» **WHAT IS BEING ASKED**:
Report each line of the records below that uses the word "Photo".

----- DATA FOR REVIEW -----

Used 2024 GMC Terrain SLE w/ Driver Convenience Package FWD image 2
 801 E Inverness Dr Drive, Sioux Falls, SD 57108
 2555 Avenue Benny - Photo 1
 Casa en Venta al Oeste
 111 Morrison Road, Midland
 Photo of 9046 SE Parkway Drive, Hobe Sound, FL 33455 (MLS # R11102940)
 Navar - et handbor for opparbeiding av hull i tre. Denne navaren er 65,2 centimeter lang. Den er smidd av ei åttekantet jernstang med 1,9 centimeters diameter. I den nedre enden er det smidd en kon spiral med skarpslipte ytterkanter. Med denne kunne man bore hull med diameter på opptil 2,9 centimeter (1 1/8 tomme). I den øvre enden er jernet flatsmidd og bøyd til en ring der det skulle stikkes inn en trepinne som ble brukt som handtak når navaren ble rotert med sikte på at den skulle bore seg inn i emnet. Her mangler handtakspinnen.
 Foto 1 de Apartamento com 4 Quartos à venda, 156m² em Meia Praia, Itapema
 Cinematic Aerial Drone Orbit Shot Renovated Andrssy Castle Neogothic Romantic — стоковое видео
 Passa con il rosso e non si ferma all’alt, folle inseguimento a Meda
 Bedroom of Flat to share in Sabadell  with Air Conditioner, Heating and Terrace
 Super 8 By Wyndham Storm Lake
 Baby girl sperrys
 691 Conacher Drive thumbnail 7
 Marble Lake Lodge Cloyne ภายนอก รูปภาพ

-----

» **SOLVED PROBLEM**:
 2555 Avenue Benny - Photo 1
 Photo of 9046 SE Parkway Drive, Hobe Sound, FL 33455 (MLS # R11102940)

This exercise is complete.